Field trip to Willis Wonderland included in UCLA's summer kitsch & camp course

Here's a super-cool opportunity for the right summer scholar. UCLA is offering a course starting in June that includes a field trip to Willis Wonderland, the incredible bubble-gum pink former home of late great songwriter Allee Willis. You'll likely remember her from songwriting credits that include Earth, Wind & Fire's "September" and "Boogie Wonderland," as well as the "Friends" theme and "The Color Purple" musical.

So Bad It's Good! Image: Willis Wonderland Foundation.

Professor Dolores McElroy teaches "So Bad It's Good: Kitsch & Camp Film Aesthetics," which is a collaboration with the Willis Wonderland Foundation and, come mid-summer, students taking it will venture to Allee's former North Hollywood home to choose an object from her personal "living kitsch archive" to write about. And what a collection it is! It's a real treasure mid-century treasure trove of soul and disco memorabilia, spaghetti lamps, and oh-so-much more. Allee wasn't called the "Queen of Kitsch" for nothing!

The course also includes a screening of "The World According to Allee Willis" which is a wonderful new documentary directed by Alexis Spraic that looks at Allee's life from a different angle: her struggle with being queer.

However, the focus of the course extends well beyond Allee's estate, her personal collections, or her life story. It's a broader examination of kitsch and camp film aesthetics, as per the course description:

What is "kitsch?" Often used as an all-purpose pejorative for the "bad taste" of the masses, for years kitsch was seldom explicitly defined, but nearly always derided. But in the postmodern era, "kitsch" took on new life, as artists, filmmakers, and designers consciously appropriated these "bad objects" of the past, remixing and revaluing yesterday's detritus. "Camp," on the other hand, is, in the words of Susan Sontag, "in the eye of the beholder." Sometimes defined as an interpretive style, camp is sensibility which perceives an irony between a thing and its context. In some ways, "camp" is what allows us to appreciate "kitsch" in a pleasurably complex and ironic way.

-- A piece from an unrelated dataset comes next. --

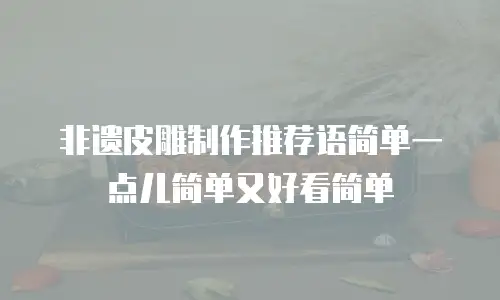 非遗皮雕制作推荐语简单一点儿简单又好看简单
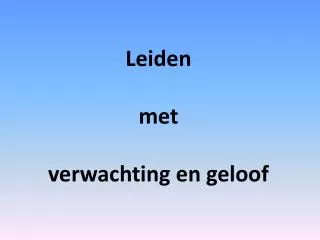 leiden met verwachting en geloof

In this course, we will consider the logics and histories of taste that contribute to various and changing definitions of kitsch and camp, as well as the ways that kitsch and camp manifest in cinema, including B-movie horror, musicals, the imaginaries of Route 66 and Las Vegas, queer avant-garde of filmmaking practices, as in the work of Kenneth Anger and John Waters, as well as in Japanese kawaii and American "tiki culture." We will also investigate the political and colonial histories that underlie these aesthetics.